Advancing DRL Agents in Commercial Fighting Games: Training, Integration, and Agent-Human Alignment

Authors: Chen Zhang, Qiang He, Yuan Zhou, Elvis S. Liu, Hong Wang, Jian Zhao, Yang Wang

ICML 2024 | Conference PDF | Archive PDF | Plain Text | LLM Run Details

Reproducibility Variable Result LLM Response
Research Type Experimental In this section, we present the experimental results of HELT, using Naruto Mobile as the evaluation platform.
Researcher Affiliation Collaboration 1University of Science and Technology of China (USTC), Hefei, China. 2Tencent Games 3Institute of Automation, Chinese Academy of Sciences, China
Pseudocode No The paper describes algorithms but does not present them in a pseudocode block or explicitly labeled 'Algorithm' section.
Open Source Code No The paper does not explicitly state that the source code for their method is available or provide a link to a code repository.

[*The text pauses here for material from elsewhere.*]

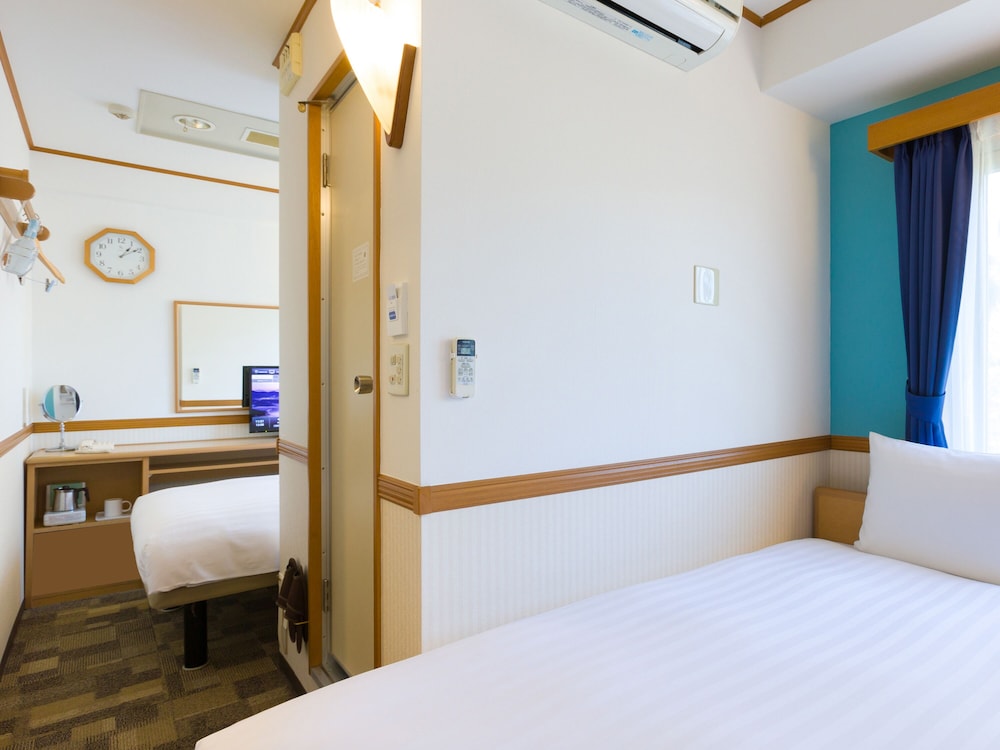 ROOM, TWIN BEDS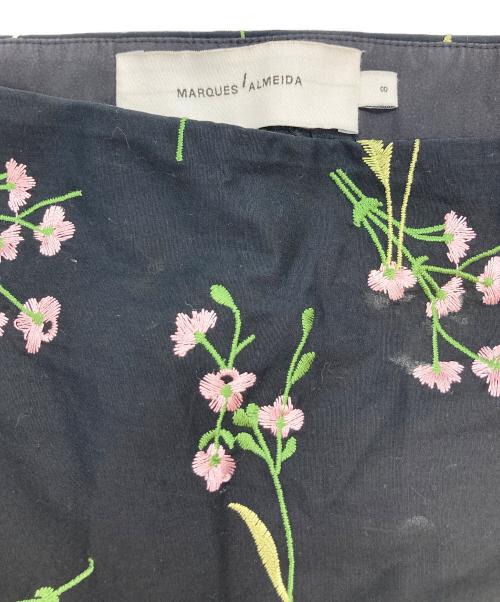 MARQUES ALMEIDA（マルケス アルメイダ）MARQUES ALMEIDA (マルケス アルメイダ) フラワー刺繍スカート ブラック サイズ:8の古着・服飾アイテム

Open Datasets No The paper describes using gameplay data from Naruto Mobile, stating 'we collected a significant amount of player gameplay data' and 'a sample of 40 million game matches from player gameplay data'. However, it does not provide concrete access information (link, DOI, formal citation for a public dataset) for this data.

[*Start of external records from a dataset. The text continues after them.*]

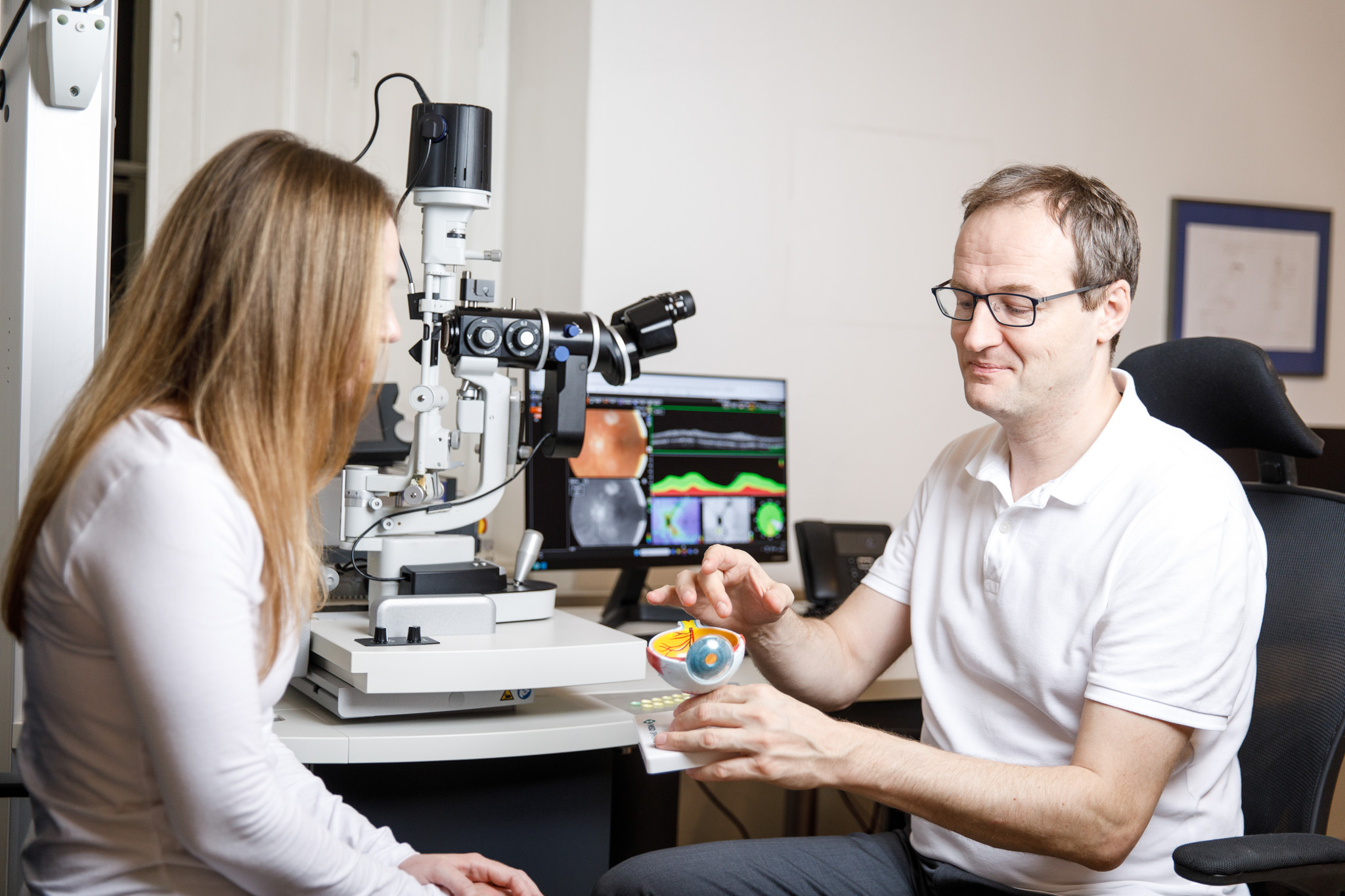 Augenarzt Dr. Ewald Lindner bei der Untersuchung einer Patientin in Graz
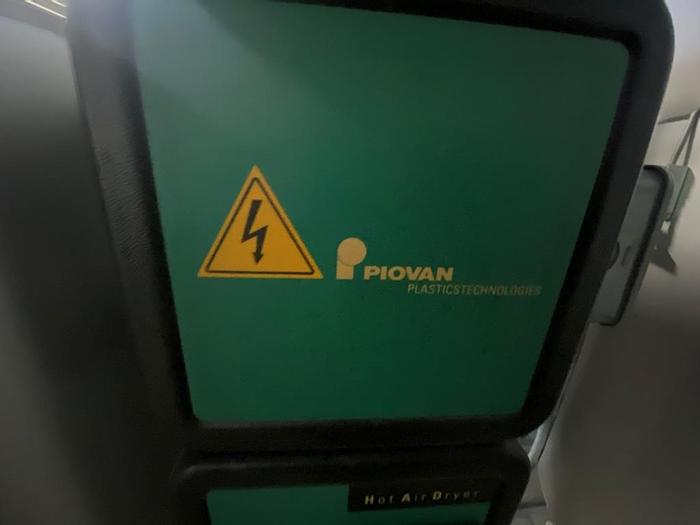 Used 2000 Piovan DS406 Desiccant Dryer System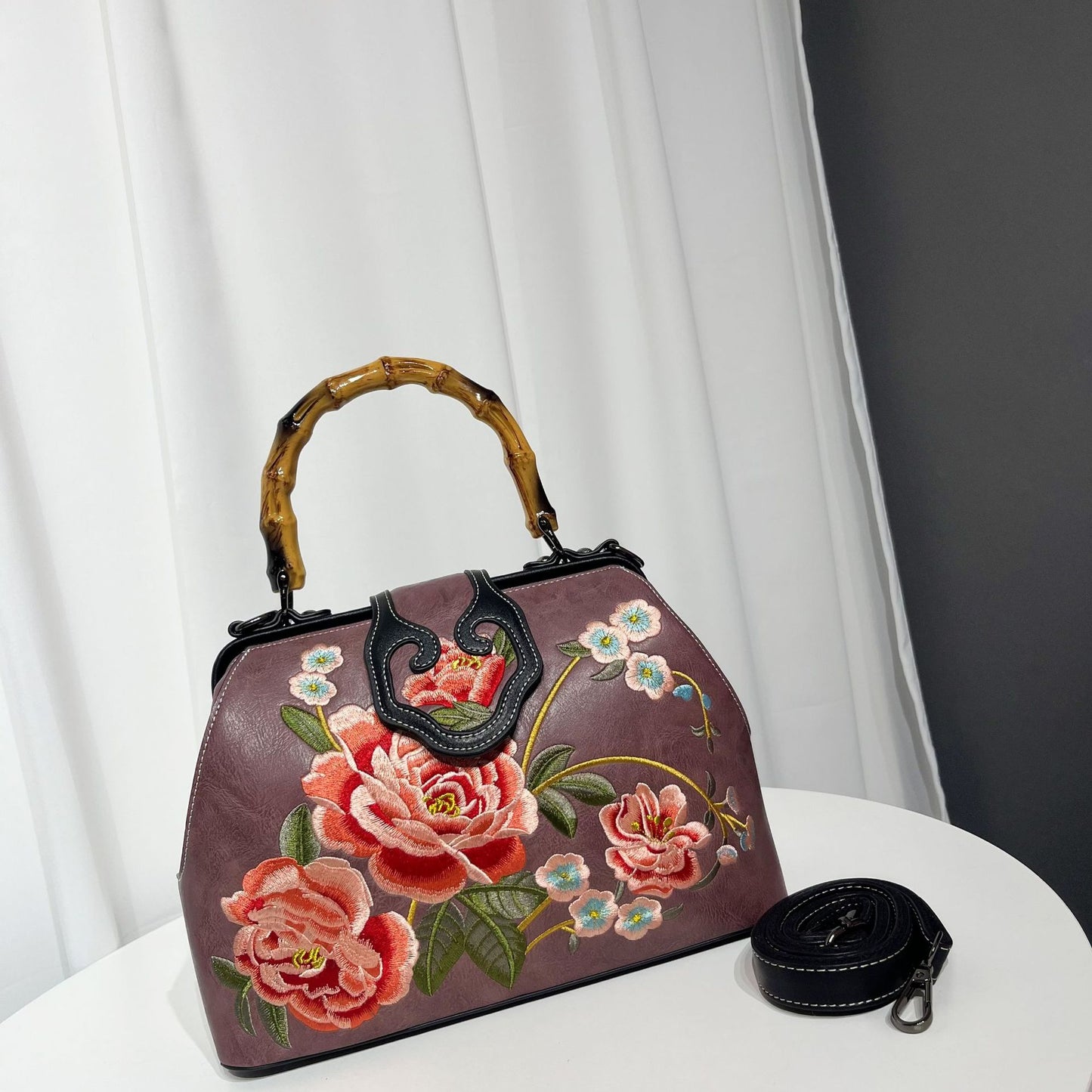 Vintage Chinese Embroidered Bag — Elegant Shoulder Crossbody for Women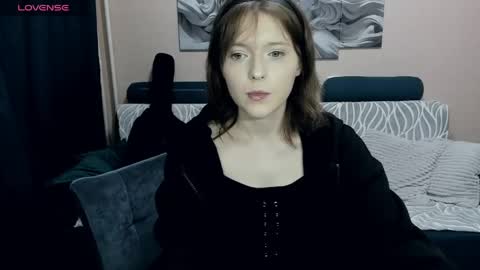 YukiShine online show from 04.14.26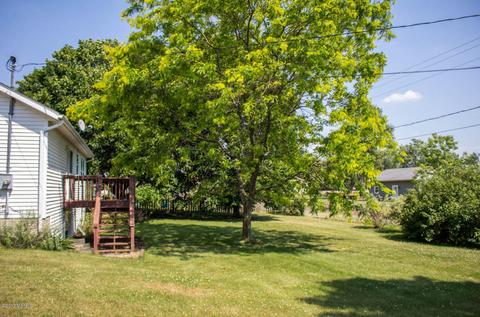235 Kent St, Sunfield, MI 48890 photo 9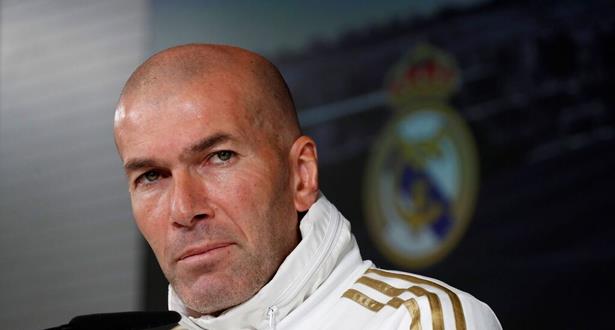 Football: Zidane dément avoir avisé les joueurs du Real Madrid de son départ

Dataset Splits No The paper does not explicitly provide training/validation/test dataset splits. It discusses a 'training subset' but does not define validation splits.

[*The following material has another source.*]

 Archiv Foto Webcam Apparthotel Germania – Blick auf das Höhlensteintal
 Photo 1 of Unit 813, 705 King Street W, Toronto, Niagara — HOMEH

Hardware Specification Yes In our experimental setup, all agents were trained using 4 NVIDIA T4 GPUs and 3000 CPU cores. The league training consisted of a main agent, a main exploiter, and a league exploiter. A total of 12 GPUs and 9000 CPU cores were utilized for each league training session.
Software Dependencies No The paper mentions using the PPO algorithm and provides experimental parameters in Table 2, but it does not list specific software dependencies with version numbers (e.g., programming languages, deep learning frameworks, or libraries).
Experiment Setup Yes In our experimental setup, all agents were trained using 4 NVIDIA T4 GPUs and 3000 CPU cores. ... Table 2. Eperimental Parameters: n-steps 100, Batch size 5120, γ 0.995, λ 0.95, Learning rate 2e-4, Actor number 1000, Env number per actor 10, Learner number 2, CPU core num 9000, GPU per Learner 0.5.